This question already has answers here:
Closed 11 years ago.
Possible Duplicate:
In C++, why should new be used as little as possible?
Is it really a bad idea to use 'new' in instantiating a class in C++? Found here.
I get that using raw pointers is ill-advised, but why have a 'new' keyword at all when it's such bad practice? Or is it?
The point is that new, much like a pregnancy, creates a resource that is managed manually (i.e. by you), and as such it comes with responsibility.
C++ is a language for library writing, and any time you see a responsibility, the "C++" approach is to write a library element that handles this, and only this, responsibility. For dynamic memory allocation, those library components already exist and are summarily referred to as "smart pointers"; you'll want to look at std::unique_ptr and std::shared_ptr (or their TR1 or Boost equivalents).

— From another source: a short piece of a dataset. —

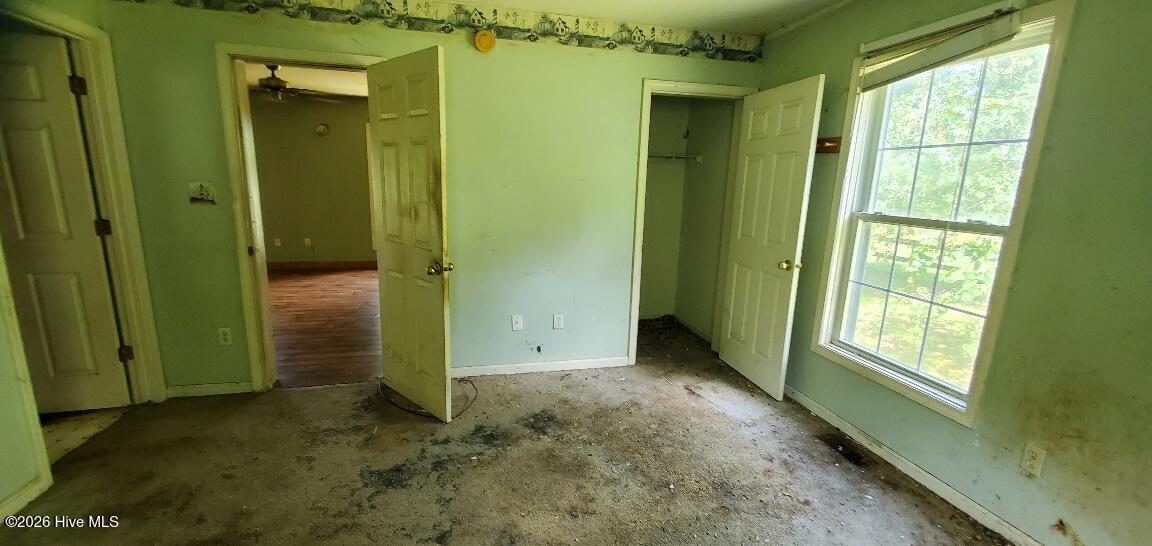379 Maple Road Property Photo 8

While writing those single-responsibility building blocks, you will indeed need to say new and delete. But you do that once, and you think about it carefully and make sure you provide the correct copy, assignment and destruction semantics. (From the point of exception safety, single responsibility is crucial, since dealing with more than one single resource at a time is horribly unscalable.)

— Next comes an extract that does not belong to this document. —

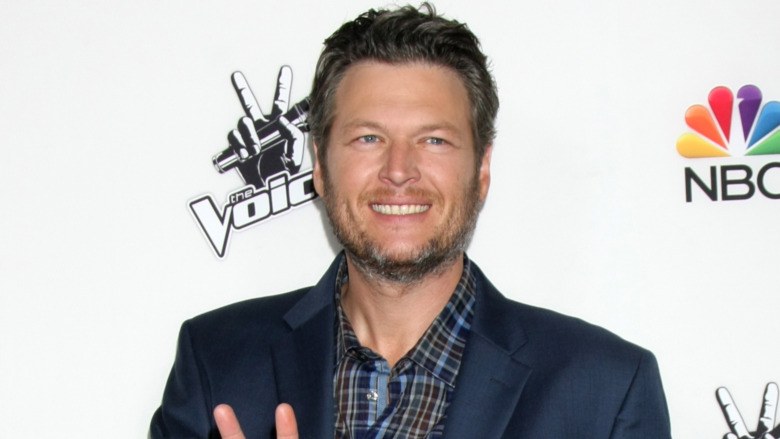 Blake Shelton souriant en 2014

Once you have everything factored into suitable building blocks, you compose those blocks into bigger and bigger systems of code, but at that point you don't need to exercise any manual responsibility any more, since the building blocks already do this for you.
Since the standard library offers resource managing classes for the vast majority of use cases (dynamic arrays, smart pointers, file handles, strings), the point is that a well-factored and crafted C++ project should have very little need for any sort of manual resource management, which includes the use of new. All your handler objects are either automatic (scoped), or members of other classes whose instances are in turn scoped or managed by someone.

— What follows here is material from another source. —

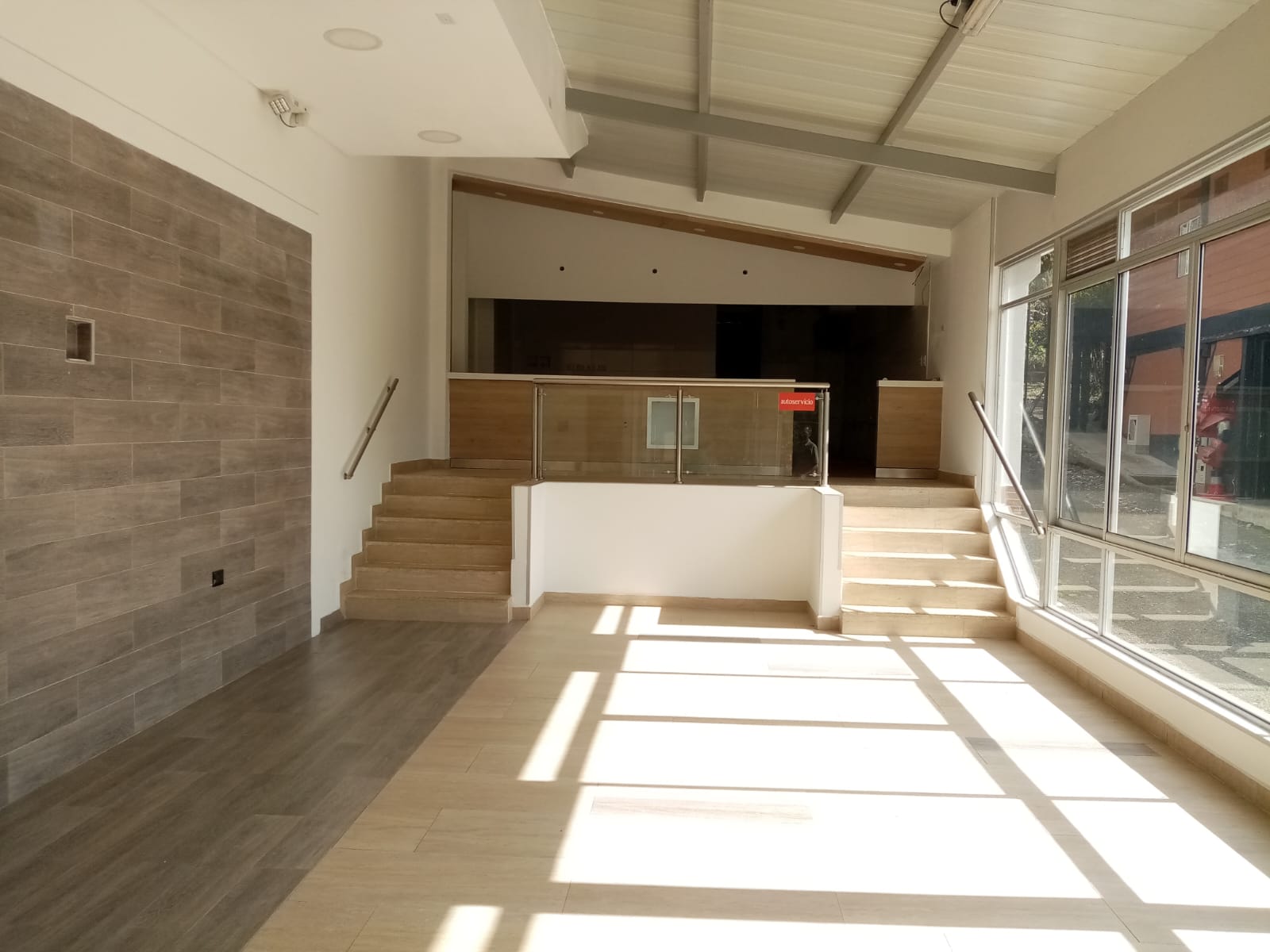 Foto de Local en Arriendo en Via armenia, Pereira - 3 - 279058356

With this in mind, the only time you should be saying new is when you create a new resource-managing object; although even then that's not always necessary:
std::unique_ptr<Foo> p1(new Foo(1, 'a', -2.5)); // unique pointer
std::shared_ptr<Foo> p2(new Foo(1, 'a', -2.5)); // shared pointer
auto p3 = std::make_shared<Foo>(1, 'a', -2.5); // equivalent to p2, but better
Update: I think I may have addressed only half the OP's concerns. Many people coming from other languages seem to be under the impression that any object must be instantiated with a new-type expression. This is in itself a very unhelpful mindset when approaching C++:
The crucial distinction in C++ is that of object lifetime, or "storage class". This can be one of: automatic (scoped), static (permanent), or dynamic (manual). Global variables have static lifetime. The vast majority of all variables (which are declared as Foo x; inside a local scope) have automatic lifetime. It is only for dynamic storage that we use a new expression. The most important thing to realize when coming to C++ from another OO language is that most objects only ever need to have automatic lifetime, and thus there is never anything to worry about.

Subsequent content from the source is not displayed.